### Instructions for the task
Nothing but the lines from the one with "BMW serie 3" through the final line of the entries below should be written out, each exactly as given.

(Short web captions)
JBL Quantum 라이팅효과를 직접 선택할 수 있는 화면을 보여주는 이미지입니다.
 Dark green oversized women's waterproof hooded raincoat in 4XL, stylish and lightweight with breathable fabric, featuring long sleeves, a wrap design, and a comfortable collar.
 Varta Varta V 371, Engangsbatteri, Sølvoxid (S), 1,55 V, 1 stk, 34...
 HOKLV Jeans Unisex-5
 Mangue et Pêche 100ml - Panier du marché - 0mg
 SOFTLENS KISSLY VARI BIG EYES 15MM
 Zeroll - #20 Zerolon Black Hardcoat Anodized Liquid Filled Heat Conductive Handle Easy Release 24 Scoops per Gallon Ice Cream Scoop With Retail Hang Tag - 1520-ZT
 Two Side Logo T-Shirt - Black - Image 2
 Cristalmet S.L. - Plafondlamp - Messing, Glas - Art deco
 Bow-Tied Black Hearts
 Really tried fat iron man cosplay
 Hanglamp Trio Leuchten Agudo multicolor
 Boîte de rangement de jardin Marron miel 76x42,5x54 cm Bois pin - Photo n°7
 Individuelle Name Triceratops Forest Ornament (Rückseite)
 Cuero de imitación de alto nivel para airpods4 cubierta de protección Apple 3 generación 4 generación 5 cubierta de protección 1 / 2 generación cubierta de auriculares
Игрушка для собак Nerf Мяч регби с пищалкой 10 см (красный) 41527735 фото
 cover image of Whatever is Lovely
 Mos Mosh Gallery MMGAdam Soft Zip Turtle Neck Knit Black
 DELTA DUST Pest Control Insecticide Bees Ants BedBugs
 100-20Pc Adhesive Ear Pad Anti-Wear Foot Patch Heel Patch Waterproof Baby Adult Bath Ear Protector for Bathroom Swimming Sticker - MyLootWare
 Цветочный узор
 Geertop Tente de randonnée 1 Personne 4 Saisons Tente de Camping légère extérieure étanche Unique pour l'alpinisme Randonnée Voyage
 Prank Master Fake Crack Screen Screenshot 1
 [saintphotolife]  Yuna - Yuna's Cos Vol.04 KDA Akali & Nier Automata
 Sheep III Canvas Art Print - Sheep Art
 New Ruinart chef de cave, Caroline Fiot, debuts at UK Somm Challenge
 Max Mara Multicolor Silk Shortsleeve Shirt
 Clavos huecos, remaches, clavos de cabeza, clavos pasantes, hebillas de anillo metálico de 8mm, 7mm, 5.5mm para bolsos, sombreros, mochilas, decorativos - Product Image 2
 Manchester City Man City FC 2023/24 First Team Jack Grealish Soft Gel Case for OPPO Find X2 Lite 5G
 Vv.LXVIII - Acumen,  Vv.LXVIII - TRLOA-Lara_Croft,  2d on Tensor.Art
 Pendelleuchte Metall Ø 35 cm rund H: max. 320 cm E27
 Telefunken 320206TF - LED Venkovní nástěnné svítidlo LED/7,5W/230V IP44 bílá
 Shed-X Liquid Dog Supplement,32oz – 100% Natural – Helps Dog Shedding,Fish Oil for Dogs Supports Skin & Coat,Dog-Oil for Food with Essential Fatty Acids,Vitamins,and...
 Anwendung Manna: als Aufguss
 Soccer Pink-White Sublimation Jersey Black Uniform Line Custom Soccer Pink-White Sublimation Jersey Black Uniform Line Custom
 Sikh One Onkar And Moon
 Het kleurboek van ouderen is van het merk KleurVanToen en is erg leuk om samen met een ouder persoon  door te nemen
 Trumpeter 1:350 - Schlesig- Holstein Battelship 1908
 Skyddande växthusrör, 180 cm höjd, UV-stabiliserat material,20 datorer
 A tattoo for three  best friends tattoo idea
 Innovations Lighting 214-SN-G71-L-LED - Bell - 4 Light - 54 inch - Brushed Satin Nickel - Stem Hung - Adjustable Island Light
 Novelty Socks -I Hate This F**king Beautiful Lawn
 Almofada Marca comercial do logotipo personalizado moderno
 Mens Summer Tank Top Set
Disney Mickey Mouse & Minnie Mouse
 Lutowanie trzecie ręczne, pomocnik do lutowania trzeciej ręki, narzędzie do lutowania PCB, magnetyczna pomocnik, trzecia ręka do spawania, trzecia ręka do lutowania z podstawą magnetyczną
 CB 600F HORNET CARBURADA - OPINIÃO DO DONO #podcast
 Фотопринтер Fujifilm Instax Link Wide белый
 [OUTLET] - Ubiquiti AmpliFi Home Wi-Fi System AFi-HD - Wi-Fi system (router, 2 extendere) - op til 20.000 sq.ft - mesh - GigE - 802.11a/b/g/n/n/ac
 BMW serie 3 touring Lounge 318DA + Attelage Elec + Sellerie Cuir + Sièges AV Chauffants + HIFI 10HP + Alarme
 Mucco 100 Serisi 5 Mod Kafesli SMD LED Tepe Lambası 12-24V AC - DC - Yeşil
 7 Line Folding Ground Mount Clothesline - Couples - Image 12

### Problem solution
 BMW serie 3 touring Lounge 318DA + Attelage Elec + Sellerie Cuir + Sièges AV Chauffants + HIFI 10HP + Alarme
 Mucco 100 Serisi 5 Mod Kafesli SMD LED Tepe Lambası 12-24V AC - DC - Yeşil
 7 Line Folding Ground Mount Clothesline - Couples - Image 12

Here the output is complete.